The area in front of our houseboat contains even more symbolic objets d’art.  I’m out there daily watering, pruning and communing with my little fief of potted palms, succulents and citrus trees. In one of these numerous bowls of terra firma at the foot of our gangplank sits a regal succulent under which I’ve placed two little wedding cake figurines. Before these little personal action figures I’ve placed a toy elephant, trunk up, protecting his territory. Each time I enter the house I check to be sure Jodi’s figurine is upright and standing strong. So far so good. Superstition can be fun. 

 

We recently watched the movie “The Secret” and while I’m the first guy to dismiss New Age (rhymes with sewage) nonsense, I do think there is something to focusing on one’s specific intentions to manifest one’s goals.
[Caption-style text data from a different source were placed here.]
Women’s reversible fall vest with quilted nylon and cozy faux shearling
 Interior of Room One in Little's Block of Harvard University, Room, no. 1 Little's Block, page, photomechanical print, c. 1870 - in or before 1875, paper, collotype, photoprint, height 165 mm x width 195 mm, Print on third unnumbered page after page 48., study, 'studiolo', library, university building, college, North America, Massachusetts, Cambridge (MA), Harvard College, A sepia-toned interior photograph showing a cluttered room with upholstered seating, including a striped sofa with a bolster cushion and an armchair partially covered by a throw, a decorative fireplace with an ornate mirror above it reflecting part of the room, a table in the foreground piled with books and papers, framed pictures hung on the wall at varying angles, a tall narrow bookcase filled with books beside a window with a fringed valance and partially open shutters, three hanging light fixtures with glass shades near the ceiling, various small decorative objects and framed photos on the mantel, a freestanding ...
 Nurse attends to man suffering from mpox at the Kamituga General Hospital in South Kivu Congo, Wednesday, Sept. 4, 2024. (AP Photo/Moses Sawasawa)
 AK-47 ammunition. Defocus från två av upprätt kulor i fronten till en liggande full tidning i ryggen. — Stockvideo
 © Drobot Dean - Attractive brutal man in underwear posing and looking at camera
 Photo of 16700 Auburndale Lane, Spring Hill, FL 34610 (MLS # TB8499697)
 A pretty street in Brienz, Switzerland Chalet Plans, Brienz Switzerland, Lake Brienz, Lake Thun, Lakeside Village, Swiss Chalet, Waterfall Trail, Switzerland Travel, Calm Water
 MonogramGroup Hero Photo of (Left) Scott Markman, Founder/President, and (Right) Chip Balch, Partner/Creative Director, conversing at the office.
I have used my art to do just that the past few years. I got married at age forty after many years of wandering aimlessly in the singles desert. One day in my late 30s I woke up hung over and lonely and said enough is enough and started painting a series called NOW, nude silhouettes drawn with the word NOW written hundreds of times. The figure from my mind’s eye was the woman I desired: shapely, triumphant, confident.
NOW - The Woman of My Dreams

NOW - The Woman of My Dreams

 

I painted over 30 of these pieces, and not long afterward an amazing thing called Jodi happened. Boom! Not only was she cool and cute, she looked exactly like the figure in the paintings. After our third miscarriage I felt it was time to drop another intention bomb into the universe. So I started painting vibrant balls dropping from the sky - bouncing baby balls of joy that floated through the swirling pathways of our lives, pathways which in the paintings were made of comfort food recipes from antique cookbooks and vintage maps, metaphors for wisdom and guidance. I call the series BOUNCE. Simultaneously, I sculpted a number of found object “angels” to usher in our boy to a soft landing. Made of mostly driftwood I’ve picked up on surf outings the past 1-1/2 years, these rustic pieces form pathways or landing strips, so that when the angels look for a place to land, I’ve provided a clear map. Call it a GPS for the spirit world. One sits on the entrance of the houseboat to the left of the front door.

Angel Looking for a Place to Land

Angel Looking for a Place to Land

 Most of my art is for sale, but this piece is yours alone, baby boy.